Я прокричал, не оборачиваясь:
– У него лимонка! Такая, как в Малореченском!
– Ай, молодца! – развязно прогнусил террорист. – Скажи спасибо, что одну гранату к растяжке привязал. Была еще парочка. Порвало бы вместе с Юнкером в клочья! Ладно, садись!
– Откуда столько злобы, Федя? – спросил, повалившись на раскаленную сидушку.
– От верблюда! К тебе претензий до этого не было. Зачем влез в наши дела?!
? Тебя не спросил! Что значит, в наши?
? То и значит. Дверцу закрой, только не хлопай! Чинить потом …
– Ты серьезно?! Тебя сейчас пристрелят.
– Кишка тонка! Слон большой – спрячусь за него.
– Не поможет. Попить дай, а то сердце встанет.
– Когда-то точно встанет. Водку будешь?
– Издеваешься?! Говори, зачем звал!
– Спешишь?
– Хочу избежать теплового удара, – ответил, помыслив:
«Какой-никакой диалог удался. Теперь главное, не сбавлять темп. Если динамика разговора замедлится – Гриб занервничает. У него и так нервы на пределе. С психикой явно нелады. Может случится аффект, и ситуация выйдет из-под контроля».
Боровик покосился в мою сторону и заговорил примирительным тоном:
– Ценю, что вступился за корешей. Правда, попортил малеха планы. Не беда. Сам попортил, сам выправишь.
– Кончай вещать загадками, Федя! Для чего звал?
– Жалко тебя стало. Мозги, небось, пухнут? Ладно, спрашивай! Готов дать пресс-конференцию. У тебя пять минут.
– Ты явно не здоров! Столько людей положил…
– Не пыли – не страшно! – гаркнул Гриб и приблизил к моему лицу гранату. – Ты не в том положении, хотя не приговорен. Виновные приговорены.
– Точно спятил! – я ощутил накатившуюся волну негодования. – Кто ты такой, чтобы вершить правосудие?! Столько лет копил злобу! Зачем?!
– Затем, что вы на Олимпиаду укатили, а я в колхоз – дерьмо месить. С отбитой почкой, между прочим! Так ты будешь спрашивать?

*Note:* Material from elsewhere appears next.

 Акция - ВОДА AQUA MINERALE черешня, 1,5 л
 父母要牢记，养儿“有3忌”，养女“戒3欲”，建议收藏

Я силился собраться с мыслями, понимая, что подобный случай вряд ли представится. Наметив ряд вопросов, начал с уточнения:
– Вишенцева ты не трогал – так ведь?
– Не успел. Приехал, а он уже помер. Я только коробок на могилку подбросил.
– Почему Недоходова оставил в живых?
– К Лёнчику имею отдельную предъяву! Он больше всех надо мной издевался. Пусть теперь мучается всю жизнь из-за своей бабы!
– Про домик Слоника в Малореченском как узнал?
– Не скажу.
– Сам его выслеживал или подельники подмогли?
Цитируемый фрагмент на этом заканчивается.